The Use of Saline as a Resuscitation Fluid in ED

One of the growing debates in the critical care literature is the role of chloride-rich and chloride-poor crystalloid resuscitation fluids in critical care. This month, The Unit sponsors a point/counter-point on the use of saline as a resuscitation fluid in ED.

Yes - Normal Saline: The Elixir of Life                                                                                                                                  
Christopher M. Palmer, MD
Brian M. Fuller, MD, MSCI
Washington University School of Medicine
No - Saline Should Not Be Used Routinely for Volume Resuscitation in the Emergency Department
Michael C. Scott, MD
Michael E. Winters, MD, FACEP
University of Maryland School of Medicine
It’s 2 AM during a busy ED shift on a Saturday night and you’ve identified a septic patient with pneumonia whose most recent blood pressure reading is 70/30 with a heart rate of 130. The nurse turns to you and asks, “Should I start a one liter normal saline bolus?” The answer in your mind has always been “yes” in this situation throughout your career, is there any reason to doubt that now?
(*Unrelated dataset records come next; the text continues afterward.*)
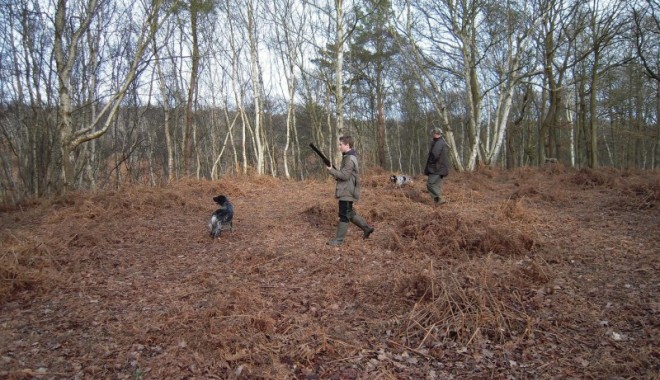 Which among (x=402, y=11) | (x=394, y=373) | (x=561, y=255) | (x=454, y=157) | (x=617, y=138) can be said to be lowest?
(x=394, y=373)

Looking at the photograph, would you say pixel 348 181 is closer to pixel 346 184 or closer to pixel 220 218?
pixel 346 184

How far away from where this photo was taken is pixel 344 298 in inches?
170

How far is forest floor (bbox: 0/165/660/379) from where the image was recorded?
3.10 meters

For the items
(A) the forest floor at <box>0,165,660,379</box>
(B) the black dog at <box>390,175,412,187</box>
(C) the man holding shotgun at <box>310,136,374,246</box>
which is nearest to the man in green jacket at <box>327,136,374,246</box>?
(C) the man holding shotgun at <box>310,136,374,246</box>

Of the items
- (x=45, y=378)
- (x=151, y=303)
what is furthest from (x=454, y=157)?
(x=45, y=378)

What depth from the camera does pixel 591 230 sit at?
20.2 ft

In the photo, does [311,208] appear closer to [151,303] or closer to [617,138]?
[151,303]

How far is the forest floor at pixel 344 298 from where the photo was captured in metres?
3.10

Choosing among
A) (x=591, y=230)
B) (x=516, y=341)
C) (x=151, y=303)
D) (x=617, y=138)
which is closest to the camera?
(x=516, y=341)

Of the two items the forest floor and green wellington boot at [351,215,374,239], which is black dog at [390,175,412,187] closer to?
the forest floor

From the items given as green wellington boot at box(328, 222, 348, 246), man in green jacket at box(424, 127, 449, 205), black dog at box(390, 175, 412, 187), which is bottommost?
green wellington boot at box(328, 222, 348, 246)

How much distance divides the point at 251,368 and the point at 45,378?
1.62 metres

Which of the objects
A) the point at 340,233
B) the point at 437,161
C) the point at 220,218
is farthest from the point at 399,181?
the point at 220,218

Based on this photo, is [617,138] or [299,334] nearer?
[299,334] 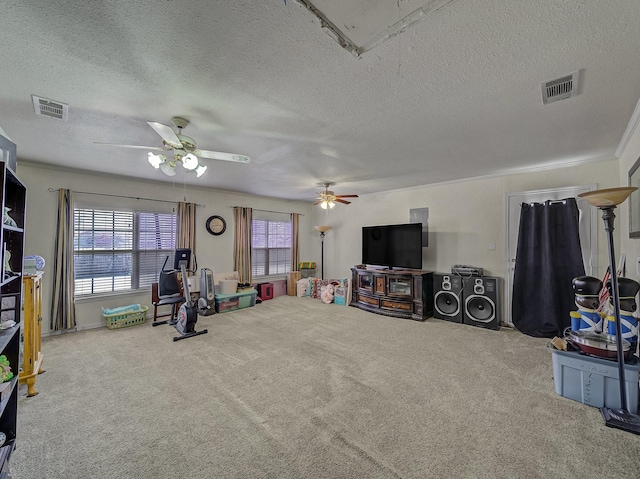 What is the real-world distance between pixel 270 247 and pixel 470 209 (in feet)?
14.5

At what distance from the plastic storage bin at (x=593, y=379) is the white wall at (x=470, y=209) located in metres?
1.95

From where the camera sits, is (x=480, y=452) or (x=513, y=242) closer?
(x=480, y=452)

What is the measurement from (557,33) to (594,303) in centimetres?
236

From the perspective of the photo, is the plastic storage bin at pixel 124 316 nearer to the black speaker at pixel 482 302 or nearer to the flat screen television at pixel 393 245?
the flat screen television at pixel 393 245

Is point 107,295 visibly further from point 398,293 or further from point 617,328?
point 617,328

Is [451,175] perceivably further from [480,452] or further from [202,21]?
[202,21]

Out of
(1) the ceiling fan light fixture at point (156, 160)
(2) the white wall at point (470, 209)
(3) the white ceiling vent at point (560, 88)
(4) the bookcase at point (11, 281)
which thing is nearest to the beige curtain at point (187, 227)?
(1) the ceiling fan light fixture at point (156, 160)

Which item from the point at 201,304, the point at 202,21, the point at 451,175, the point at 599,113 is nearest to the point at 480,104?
the point at 599,113

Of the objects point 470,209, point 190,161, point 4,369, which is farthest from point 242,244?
point 470,209

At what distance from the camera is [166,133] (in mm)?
2049

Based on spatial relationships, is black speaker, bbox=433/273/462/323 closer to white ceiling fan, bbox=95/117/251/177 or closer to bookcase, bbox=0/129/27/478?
white ceiling fan, bbox=95/117/251/177

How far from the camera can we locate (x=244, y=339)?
3611mm

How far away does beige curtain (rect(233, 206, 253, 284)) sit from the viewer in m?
5.77

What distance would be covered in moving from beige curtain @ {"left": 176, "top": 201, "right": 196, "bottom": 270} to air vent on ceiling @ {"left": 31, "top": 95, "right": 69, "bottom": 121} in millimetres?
2776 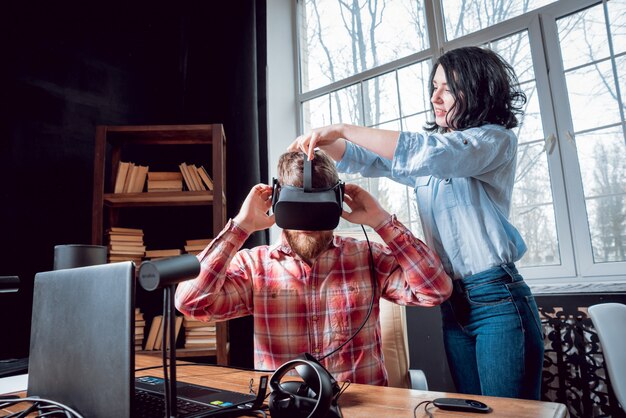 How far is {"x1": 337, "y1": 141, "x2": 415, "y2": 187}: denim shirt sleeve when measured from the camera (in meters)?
1.19

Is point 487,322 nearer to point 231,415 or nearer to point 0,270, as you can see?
point 231,415

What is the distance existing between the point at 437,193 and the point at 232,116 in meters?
1.66

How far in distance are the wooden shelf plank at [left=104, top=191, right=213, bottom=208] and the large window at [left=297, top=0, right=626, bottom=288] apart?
0.92 m

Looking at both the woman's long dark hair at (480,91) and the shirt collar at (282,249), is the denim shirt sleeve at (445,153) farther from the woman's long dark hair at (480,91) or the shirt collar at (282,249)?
the shirt collar at (282,249)

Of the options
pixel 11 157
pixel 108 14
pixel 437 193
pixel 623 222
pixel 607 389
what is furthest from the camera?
pixel 108 14

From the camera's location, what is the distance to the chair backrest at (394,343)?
131cm

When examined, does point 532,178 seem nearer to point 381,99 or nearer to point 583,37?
point 583,37

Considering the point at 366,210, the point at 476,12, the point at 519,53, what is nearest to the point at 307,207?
the point at 366,210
While the debate rages on over crystalloid versus colloid, the new discussion over the past few years examining which crystalloid solution is best for resuscitation has drawn many people’s attention. Concerns related to normal saline leading to worse clinical outcomes such as acute kidney injury have led some to switch over to more balanced solutions like lactated Ringer’s or Plasma-Lyte for volume resuscitation. This practice pattern may not be cost effective or soundly evidence based.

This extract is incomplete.